The other Washington DC talking point is that 5G networks will be 100 times faster than today’s cellular data. That may be true in the tiny downtown urban areas that get saturated with outdoor millimeter wave broadband. I have a hard time thinking this is anything more than a gimmick that will never become widespread. A dense fiber network is needed to support the millimeter wave transmitters, and it’s hard to think that the revenues from millimeter wave broadband will ever justify building the needed network.

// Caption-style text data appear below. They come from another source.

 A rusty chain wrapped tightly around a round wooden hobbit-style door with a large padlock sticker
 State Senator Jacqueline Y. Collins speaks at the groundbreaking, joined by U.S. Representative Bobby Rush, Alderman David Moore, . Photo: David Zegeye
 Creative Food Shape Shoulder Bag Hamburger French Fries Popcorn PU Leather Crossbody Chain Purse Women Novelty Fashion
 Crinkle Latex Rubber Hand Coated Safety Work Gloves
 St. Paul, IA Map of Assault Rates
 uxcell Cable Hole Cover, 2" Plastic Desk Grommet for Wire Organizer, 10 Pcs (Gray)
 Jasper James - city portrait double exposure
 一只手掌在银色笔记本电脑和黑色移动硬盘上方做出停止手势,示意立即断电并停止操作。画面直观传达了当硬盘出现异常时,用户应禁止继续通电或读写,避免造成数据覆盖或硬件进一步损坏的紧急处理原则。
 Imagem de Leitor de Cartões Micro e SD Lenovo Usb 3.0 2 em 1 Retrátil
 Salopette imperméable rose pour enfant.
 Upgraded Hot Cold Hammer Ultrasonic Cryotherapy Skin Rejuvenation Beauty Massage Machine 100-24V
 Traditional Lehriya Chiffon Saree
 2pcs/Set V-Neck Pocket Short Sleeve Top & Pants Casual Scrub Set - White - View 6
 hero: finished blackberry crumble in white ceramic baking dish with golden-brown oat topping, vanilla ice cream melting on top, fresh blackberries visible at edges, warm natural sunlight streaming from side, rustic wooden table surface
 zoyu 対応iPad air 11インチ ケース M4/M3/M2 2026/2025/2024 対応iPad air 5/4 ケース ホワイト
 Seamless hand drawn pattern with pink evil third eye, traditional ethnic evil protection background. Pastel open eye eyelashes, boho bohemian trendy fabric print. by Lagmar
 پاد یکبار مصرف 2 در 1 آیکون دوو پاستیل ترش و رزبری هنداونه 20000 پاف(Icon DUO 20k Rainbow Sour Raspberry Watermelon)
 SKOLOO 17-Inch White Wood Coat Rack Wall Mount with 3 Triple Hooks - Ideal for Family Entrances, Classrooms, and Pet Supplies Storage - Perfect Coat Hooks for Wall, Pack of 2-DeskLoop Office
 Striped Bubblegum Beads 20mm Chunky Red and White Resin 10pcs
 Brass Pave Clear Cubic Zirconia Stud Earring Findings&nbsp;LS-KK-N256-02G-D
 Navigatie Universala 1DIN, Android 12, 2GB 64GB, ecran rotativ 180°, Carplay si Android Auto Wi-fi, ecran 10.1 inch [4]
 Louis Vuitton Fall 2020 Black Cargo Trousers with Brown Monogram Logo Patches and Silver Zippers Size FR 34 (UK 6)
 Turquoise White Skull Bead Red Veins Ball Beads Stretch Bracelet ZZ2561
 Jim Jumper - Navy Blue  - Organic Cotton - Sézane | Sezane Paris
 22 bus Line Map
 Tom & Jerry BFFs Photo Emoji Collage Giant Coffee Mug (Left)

It’s starting to look like the real reason for the talk about a 5G war is to drum up sympathy for the big cellular carriers as a justification for big government giveaways. The FCC has been generous to the cellular carriers in the last few years. They killed broadband regulation and net neutrality. They gave the cellphone carriers the right to place cellular equipment anywhere in the public right-of-way. Just recently the FCC created a 5G Fund to give $9 billion to the cellular carriers to expand their networks in rural areas. The FCC has been freeing up every imaginable band of spectrum for 5G.

That sounds like that ought to be enough, but since these giveaways are behind us, I wonder why I’m still hearing the rhetoric, such as the recent letter from Senators. Are we going to be seeing other big giveaways? Is the government perhaps going to give billions of dollars to build urban and suburban 5G networks so that we don’t lose the 5G war? I’m at a loss to think of anything else that the government could do to push 5G beyond what they’ve already done.

There doesn’t seem to be anything that the US government can do in terms of developing 5G technology faster. Corporations all over the world are furiously working to implement the many new aspects of the 5G specifications. Many of the corporations doing the key research are not even American, and labs at Nokia and several Chinese companies are among the leaders in developing the core equipment used to transmit 5G. It’s hard to think there is anything the US government could do to help us win the 5G war from a technical perspective.

I must admit that I’m starting to cringe when I hear federal officials talk about the 5G war. It makes me believe that there more big handouts coming to the cellular carriers. I hate the idea of the federal government handing billions to these big carriers while we continue to have lousy rural broadband – which is largely the fault of these same big carriers. My response to these Senators is that we shouldn’t be trying to win the 5G war if that means losing the landline broadband war.

AT&T Cutting Capital Spending

AT&T announced it will be reducing capital spending in 2020. That news is significant for several reasons. AT&T’s capital plans are always big news because they have the largest annual capital budget of the big telcos and cable companies. The AT&T capital budget for 2019 was $23 billion. It’s big news when they are only planning on spending $20 billion in 2020.

It’s worth noting that some of AT&T’s capital spending is not being done with their own money. In 2020 they will be receiving the final installment of $428 million for the sixth year of the CAF II program. AT&T recently announced that they are 75% finished the construction of the FirstNet network for first responders, so the company should be receiving the last 25% of the $6.5 billion of federal funding next year. In future years AT&T will likely be collecting some significant share of the recently announced $9 billion 5G Fund paid out of the Universal Service Fund to bring better cellular service for the most rural parts of the country.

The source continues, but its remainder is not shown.